World record optical fiber transmission capacity doubles to 22.9 petabits per second
Researchers from the National Institute of Information and Communications Technology (NICT), in collaboration with the Eindhoven University of Technology and University of L'Aquila, demonstrated a record-breaking data rate of 22.9 petabits per second using only a single optical fiber, which was more than double the previous world record of 10.66 petabits per second.
In this research, researchers combined the latest research technologies, such as large-scale Space Division Multiplexing (SDM) and multi-band Wavelength Division Multiplexing (WDM), to demonstrate a path to future ultra-large capacity optical communication networks.
The results of this experiment were accepted as a post-deadline paper presentation at the 49th European Conference on Optical Communications (ECOC 2023) and presented by Ben Puttnam on Thursday, October 5, 2023.
To cope with the ever-increasing data traffic demands, multiplexing technologies using space and wavelength for high data-rate optical fiber communications have been investigated. The former uses advanced optical fibers containing multiple optical paths (channels) within a common cladding, whereas the latter enhances the total transmission capacity by increasing the transmission bandwidth to accommodate many independent Wavelength Division Multiplexed (WDM) data channels.
To date, NICT has realized Space Division Multiplexing (SDM) with over 100 spatial channels by combining multicore fiber (MCF) and multimode fiber transmission technologies as well as multi-band WDM with a total bandwidth of 20 THz by using the S-, C-, and L-bands.
However, except for very short-distance cases (1 km), the combined use of multi-band WDM and SDM has only been demonstrated for uncoupled four-core MCFs. To combine multi-band WDM and SDM with large spatial channel count fibers (e.g., 114 channels with a 38-core 3-mode fiber), a multi-band-compatible MIMO receiver is required.

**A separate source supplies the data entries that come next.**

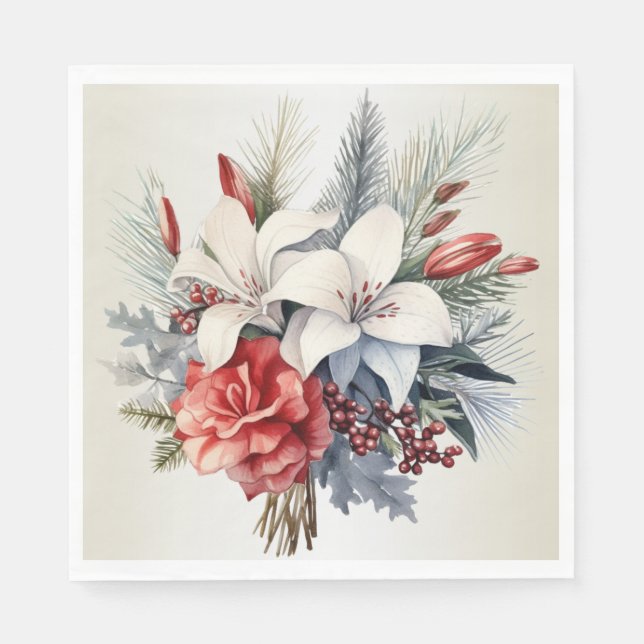 Christmas Party White Red Flowers Holidays Elegant Serviette (Vorderseite)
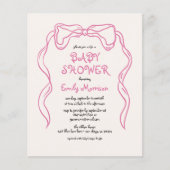 Budget Whimsical Quirky Blush Pink Bow Baby Dusche Flyer (Vorne)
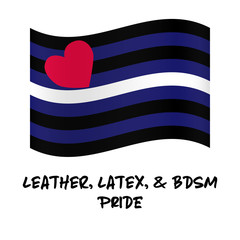 Leather, Latex, & BDSM pride flag background. Symbol leather or BDSM bondage & discipline, dominance and submission, sadomasochism subculture. LGBT movement. LGBTQ community. Vector illustration.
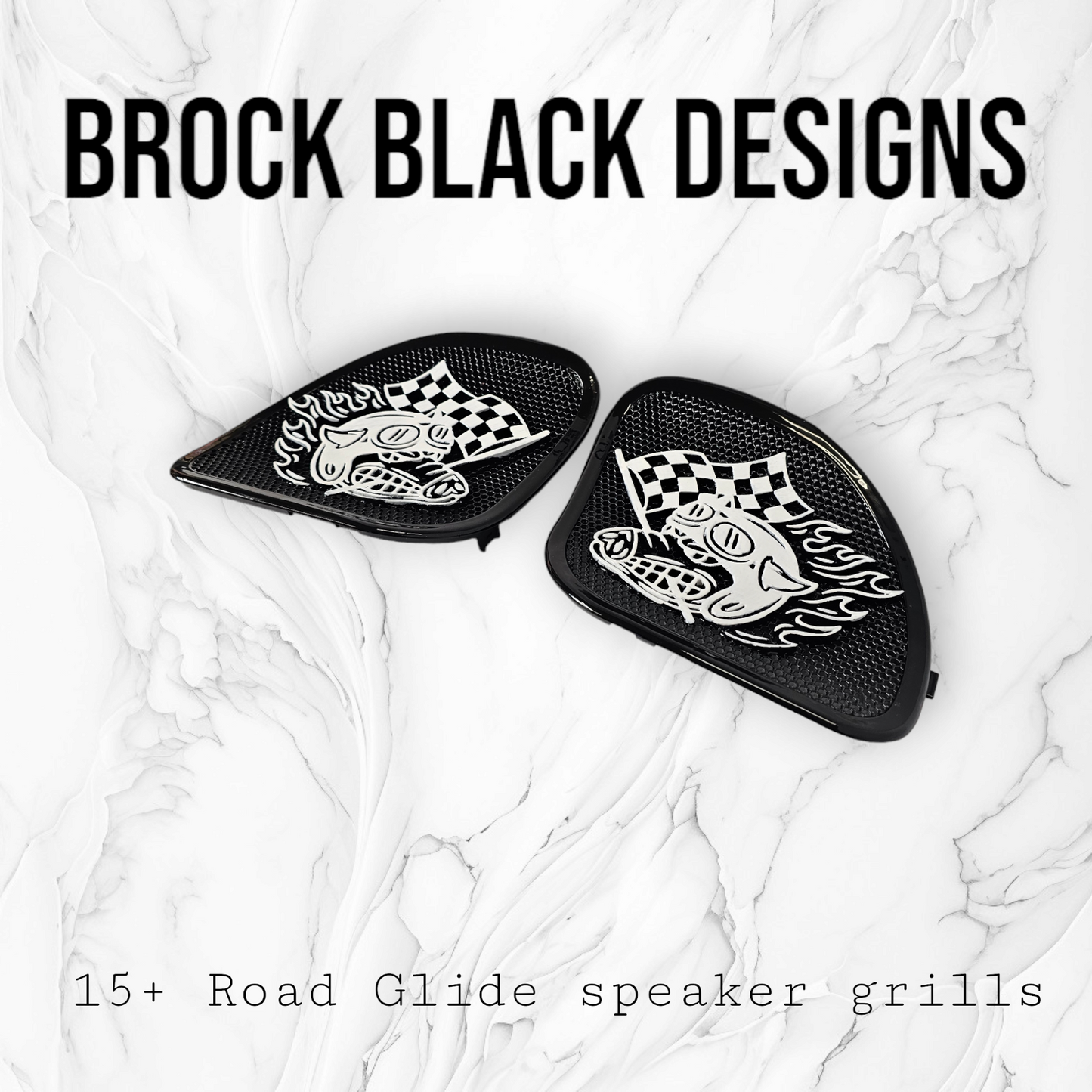 98-2024 Road Glide 3D Fast Johnny speakers grill covers set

NICT demonstrated the possibility of fiber-optic data communication at 22.9 petabits per second, which is more than double the previous record of 10.66 petabits per second. Using a multi-band-compatible MIMO receiver, they successfully combined multi-band WDM and multi-core, multi-mode SDM for the first time.
The measured transmission capacity for each core ranged from ~0.3 to 0.7 petabits per second, leading to a total transmission capacity of 22.9 petabits per second. The achieved data rate includes overhead for an implemented forward-error correction code, with the demonstration showing up to 24.7 Pb/s can be achieved with better-optimized coding. This is over 1,000 times the data rate of currently deployed optical fiber communication systems.
While uncoupled four-core MCF is suitable for early adaptation, further improvement of the telecommunication infrastructure using ultra-large-capacity optical fibers will be needed in the future, where the data traffic demand is expected to increase by 3 orders of magnitude (x1,000 times). This study demonstrates the first successful combination of multi-band WDM and SDM employing a multicore multimode fiber, which is key to the realization of future ultra-large-capacity optical fiber communication networks.
NICT will continue to explore multi-band WDM over large SDM fibers including randomly coupled MCFs or multimode fibers that require massive multi-band MIMO receivers.